Neben den größeren Wanderungen führt der Albverein Bietigheim auch kürzere Unternehmungen durch, um denjenigen Teilnehmern Gelegenheit zu bieten, gesellig beisammen zu sein, denen längere Wanderungen zu beschwerlich sind. Diese „Wanderspaziergänge“ dauern 1 Stunde und beinhalten möglichst keine Steigungen. Den Schluss bildet jeweils ein froher Gedankenaustausch in einem Café.
Dieser Tage wurde mit dem Köpenick ein Stadtteil besucht, der manchem Teilnehmer recht unbekannt war. Nach einem leichten Anstieg über die Ulrichstraße war die Ringstraße erreicht. Hier ließ der Wanderführer die Zeit vor fast 150 Jahren lebendig werden.
Bei der Reichgründung 1871 war Bietigheim eine Kleinstadt mit 3400 Einwohnern, die bereits nach 40 Jahren zu einer Stadt mit 6000 Einwohnern angewachsen war. Der Grund war die beginnende Industrialisierung in unserer Heimat. Die ersten großen Fabriken wurden gebaut. Es entstanden unter anderen die Schuhfabrik J. Sigle & Cie, später Salamander AG in Kornwestheim, die Zichorienfabrik Franck & Kathreiner in Ludwigsburg, die Kammgarnspinnerei und die Germania Linoleumwerke in Bietigheim.
Ausgangspunkt für die Ansiedlung der Linoleumwerke war die Erfindung des Linoleums in Nairn in England, eines Bodenbelags der anfangs nur in den Schlössern des Königreichs und des Adels Verwendung fand.1882 wurde auf dem Kontinent die erste Linoleumfabrik auf deutschem Boden in Delmenhorst und Berlin-Köpenick errichtet.
Alle diese Werke suchten nun in großem Maße Arbeiter aus dem Umland. Um die Arbeiter in ihrem neuen Beruf einzuarbeiten mussten ausgebildete Facharbeiter gefunden werden. Für diese Facharbeiter entstanden jetzt die Arbeitersiedlungen. Die Kammgarnspinnerei errichtete 9 Häuser mit insgesamt 54 Wohnungen für Facharbeiter aus dem Elsass, die Linoleumwerke ließen 22 Wohnhäuser für Facharbeiter aus Delmenhorst und Berlin-Köpenick bauen.
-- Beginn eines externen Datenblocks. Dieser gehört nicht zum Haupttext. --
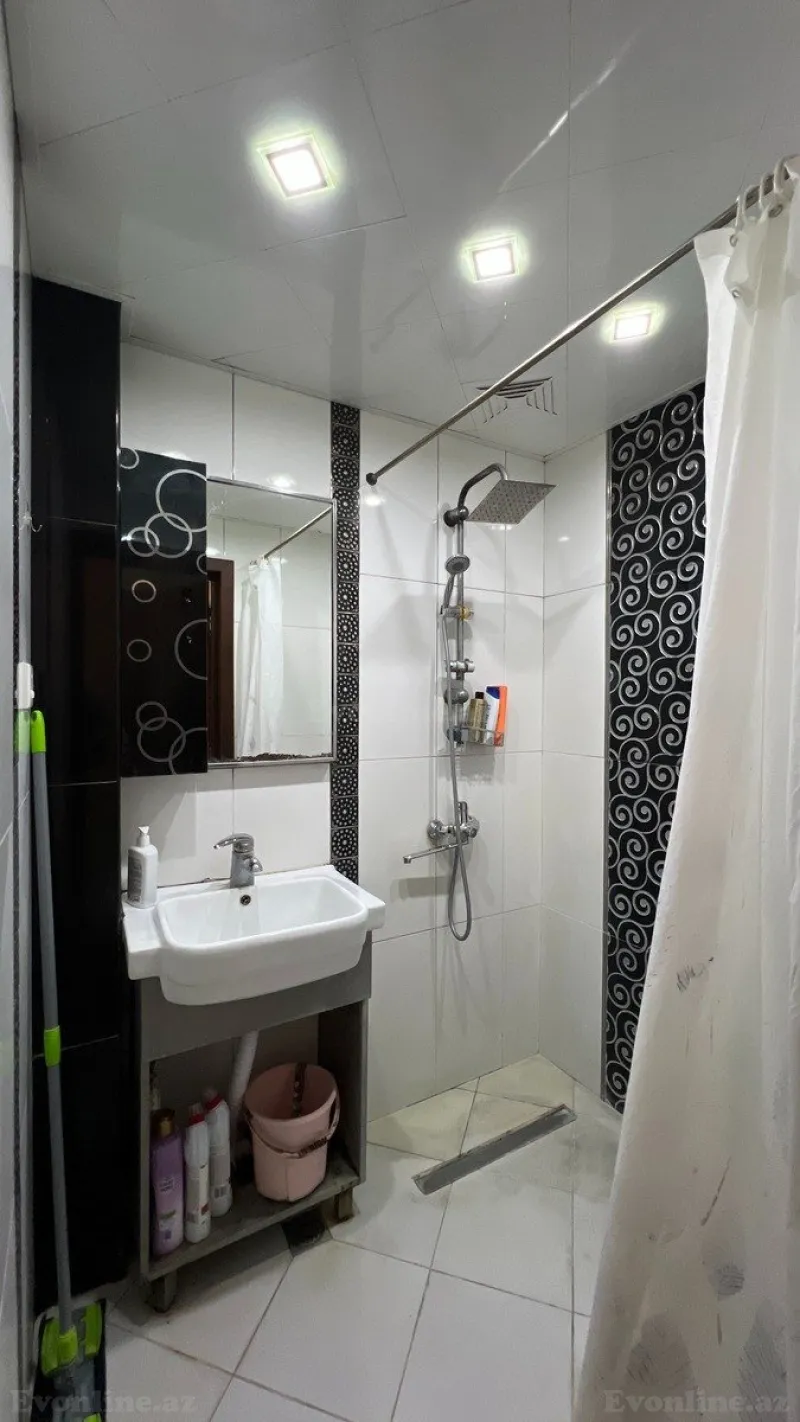 Satılır 3 otaqlı Mənzil Köhnə tikili 75 m² Nizami m. - şəkil 12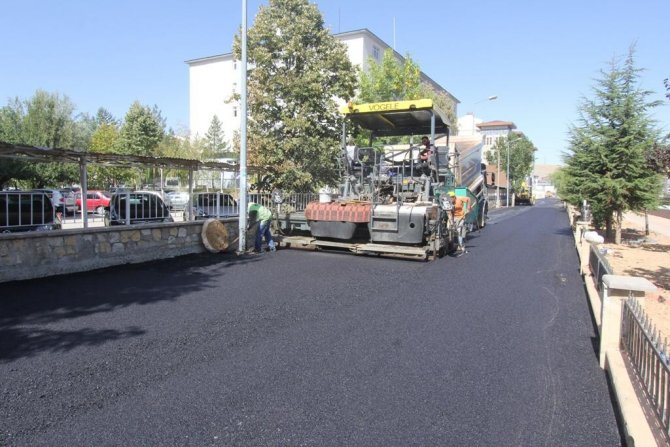 Bayburt Belediyesi Asfalt Ve Kaldırım Çalışmalarında Tempoyu Düşürmüyor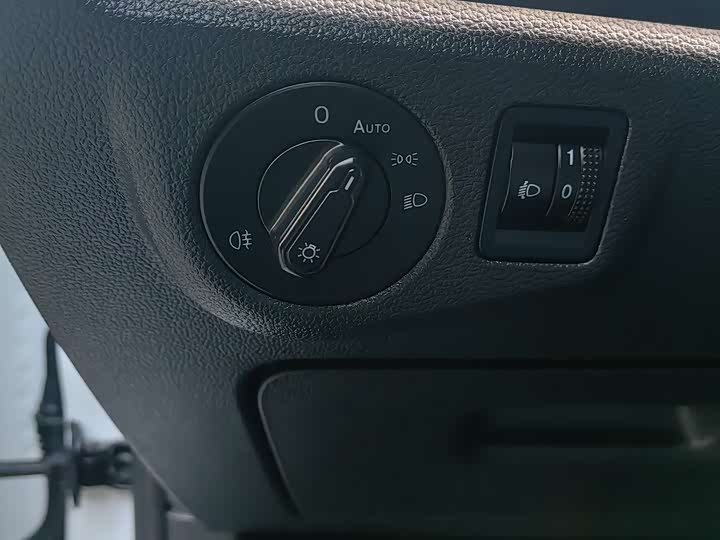 Фото 14 - Volkswagen Lavida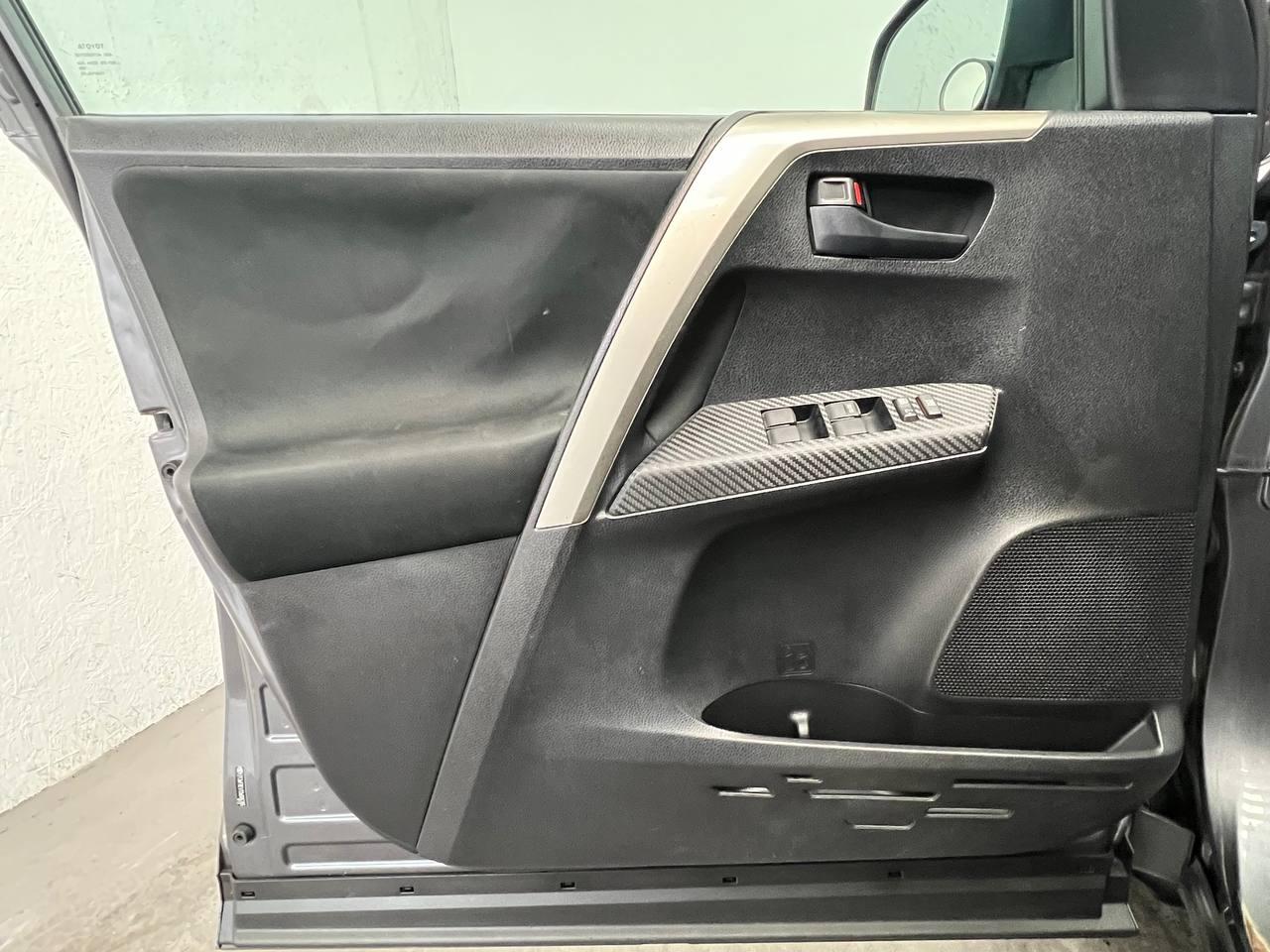 Toyota RAV4 XLE FWD 2013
Mit Interesse besichtigte die Wandergruppe die schmucken Häuser des „Köpenicks“ mit den liebevoll gepflegten Grünanlagen und Gärten im inneren Bereich. Der Außenbereich der Häuser ist denkmalgeschützt und darf nicht verändert werden.
Entlang der Straße „Im Aurain“ mit den in neuerer Zeit gebauten Villen und der fantastischen Aussicht hinaus nach Westen, gab die abschließende Kaffeestunde genügend Raum für interessante Gespräche.